TWO directors of an ink-making giant set up a rival outfit and, with their insider knowledge, allegedly began poaching clients - even before they had resigned.
Their firm, Inkplus, eventually undercut prices, leaving their former employer Toyo Ink bleeding.
Toyo sued Inkplus, along with Mr Low Guan Seng and Mr Heng Soon Kiah, but the civil suit was cut short when the pair threw in the towel by agreeing to desist, apologise and pay a settlement sum.
The positions that Mr Low and Mr Heng held in Toyo gave them access to the formulas for its printing-ink products, and its customer and price lists.
They set up Inkplus in January 2005, six months before they quit - but not before also allegedly encouraging key Toyo staff to join them at Inkplus.
Home-grown Toyo, started more than 30 years ago and now established as an international brand, sells printing-ink products and also engages in research and development.
Court submissions said it claimed that the duo allegedly approached regular clients such as Thai Poly Shawn, Hop Lee and Takeda Distributorship to divert business to Inkplus.
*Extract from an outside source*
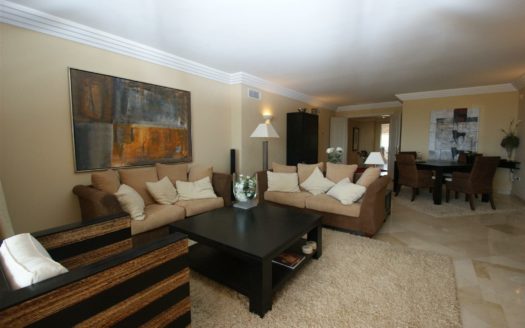 2 bedrooms Apartment in Nueva Andalucia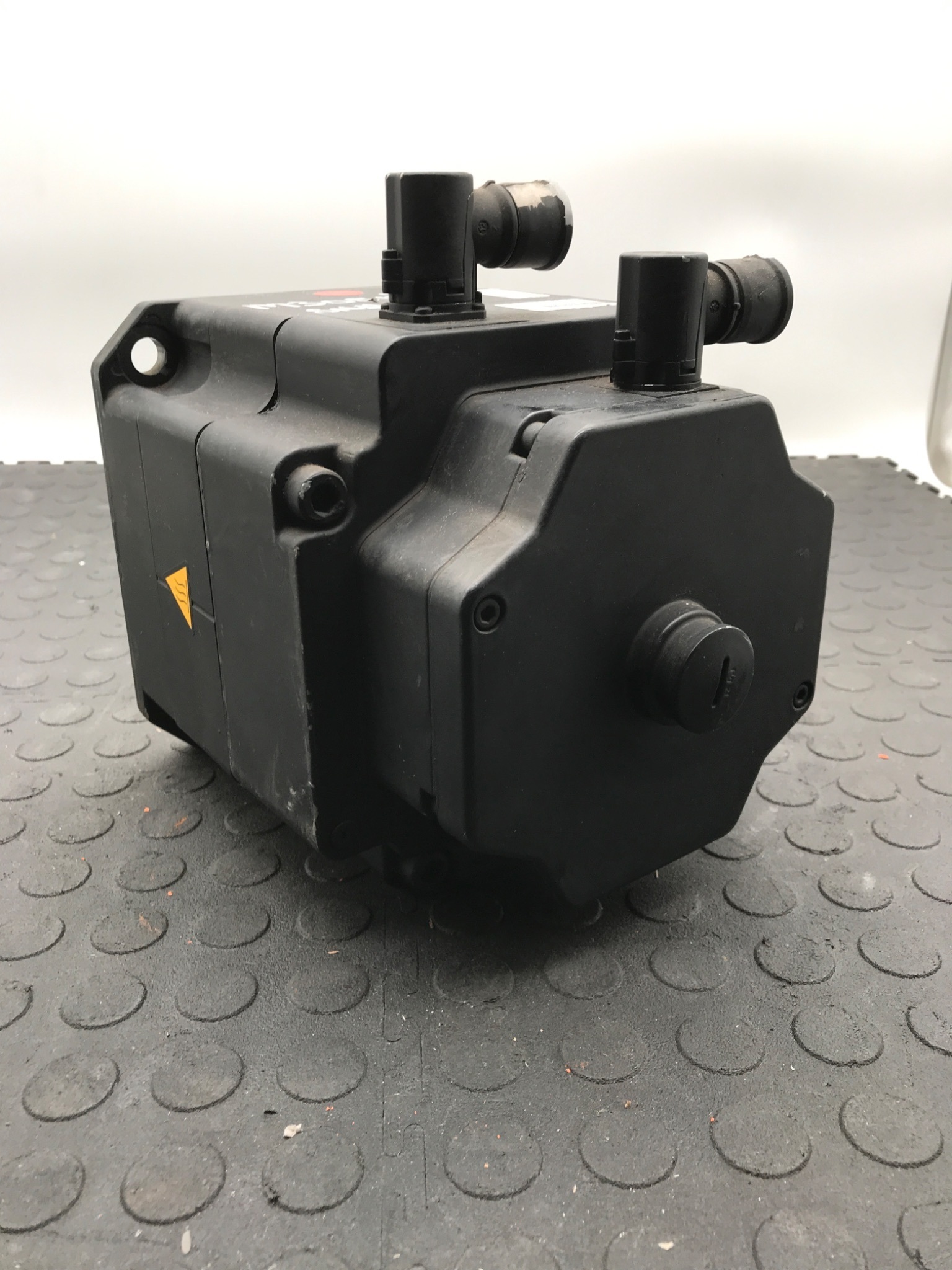 KUKA 1FK6100‑8AF91‑1ZZ9‑ZS49 Servo Motor USED 2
Inkplus, which started the manufacture and sale of printing-ink products in July 2005, eventually also took its business abroad, as far afield as Sri Lanka.
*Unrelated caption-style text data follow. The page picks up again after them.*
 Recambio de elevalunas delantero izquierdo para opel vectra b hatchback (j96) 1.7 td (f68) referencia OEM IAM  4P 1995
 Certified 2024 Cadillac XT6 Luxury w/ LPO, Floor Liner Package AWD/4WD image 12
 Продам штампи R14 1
It used maroon-coloured drums for its products like Toyo did. Toyo's claim was that this was done to imply some link between the two.
When Toyo suffered substantial losses because of the price undercutting by Inkplus, it ran checks and found Inkplus' products to be using its formulas.
Through lawyers Adrian Tan and Ong Pei Ching from Drew & Napier, it sued Inkplus and the two men for breach of directors' duties and misuse of confidential information belonging to Toyo.
Inkplus, defended by lawyer Harbajan Singh, denied the information was confidential, or that the formulas were secret, at last month's High Court hearing.
After contesting the suit for about two weeks, Inkplus gave up the fight and agreed to a judgment against it by Justice Judith Prakash. The two men agreed, among other things, to stop using Toyo's formulas, distributing their products in drums identical to Toyo's and copying Toyo's system of naming its inks.
The pair also agreed to apologise and to sell their Toyo shares for a nominal $1 to Toyo chairman Lim Guan Lee, and paid out an undisclosed settlement sum yesterday. Toyo agreed as part of the deal to drop the suit against three other former staff linked to the case.
It is not known what will now become of Inkplus. During the hearing, Mr Low indicated that the firm was making losses.